_DESCRIPTION OF THE TASK_.
In the listing below, print exactly the lines between the line holding "Tight Hip Flexors" and the line holding "Mauve Polo Neck T-Shirt U.S. Polo Assn.", inclusive, and no more.

_MATERIAL TO PROCESS_.
____
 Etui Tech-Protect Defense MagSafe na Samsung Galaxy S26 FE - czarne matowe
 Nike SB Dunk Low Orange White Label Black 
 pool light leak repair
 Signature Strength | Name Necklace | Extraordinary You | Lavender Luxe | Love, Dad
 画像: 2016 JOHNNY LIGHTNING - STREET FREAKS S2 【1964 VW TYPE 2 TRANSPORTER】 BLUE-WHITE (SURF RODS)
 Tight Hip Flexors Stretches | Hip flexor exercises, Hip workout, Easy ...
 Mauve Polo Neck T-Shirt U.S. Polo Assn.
____
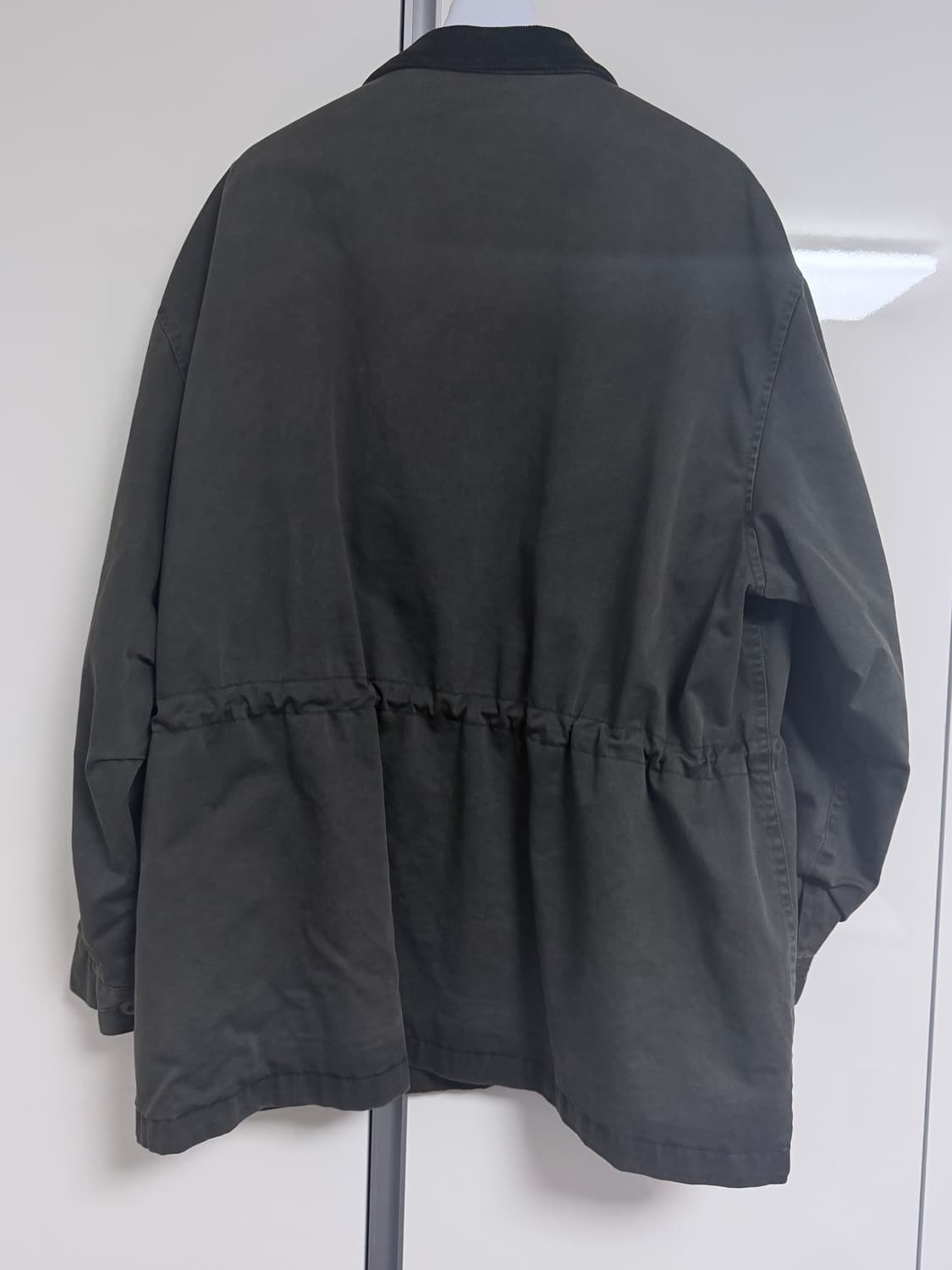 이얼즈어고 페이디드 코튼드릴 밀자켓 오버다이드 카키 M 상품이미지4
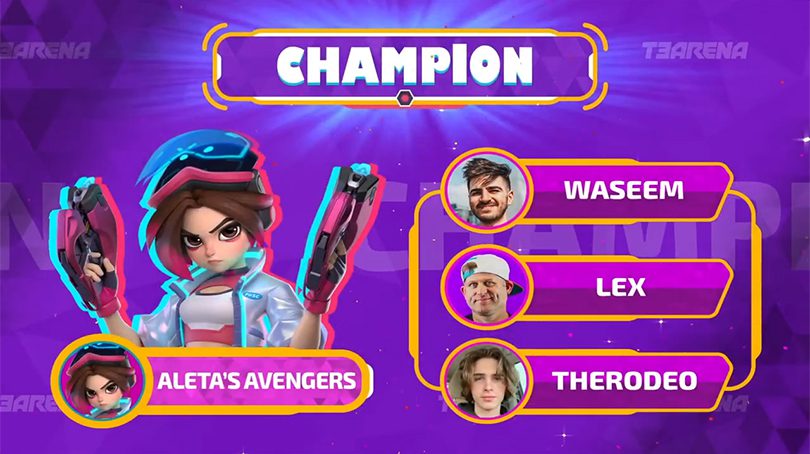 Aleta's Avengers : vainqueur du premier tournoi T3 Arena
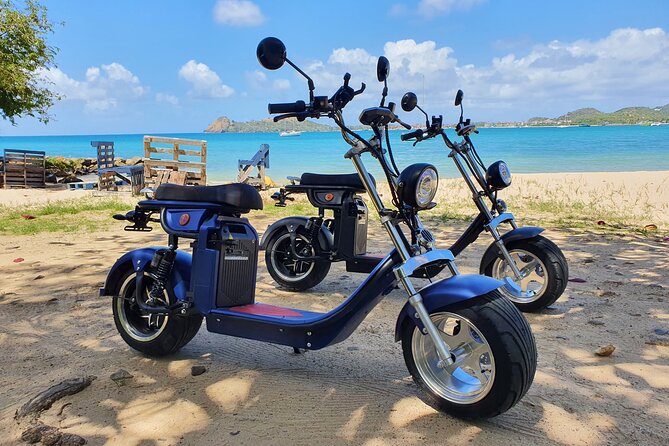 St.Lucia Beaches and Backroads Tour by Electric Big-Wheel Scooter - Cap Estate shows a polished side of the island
____
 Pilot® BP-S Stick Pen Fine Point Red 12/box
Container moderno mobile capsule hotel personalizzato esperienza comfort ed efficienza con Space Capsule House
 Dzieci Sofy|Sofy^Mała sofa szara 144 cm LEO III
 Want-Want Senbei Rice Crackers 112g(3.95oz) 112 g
____
_SOLUTION_.
 Tight Hip Flexors Stretches | Hip flexor exercises, Hip workout, Easy ...
 Mauve Polo Neck T-Shirt U.S. Polo Assn.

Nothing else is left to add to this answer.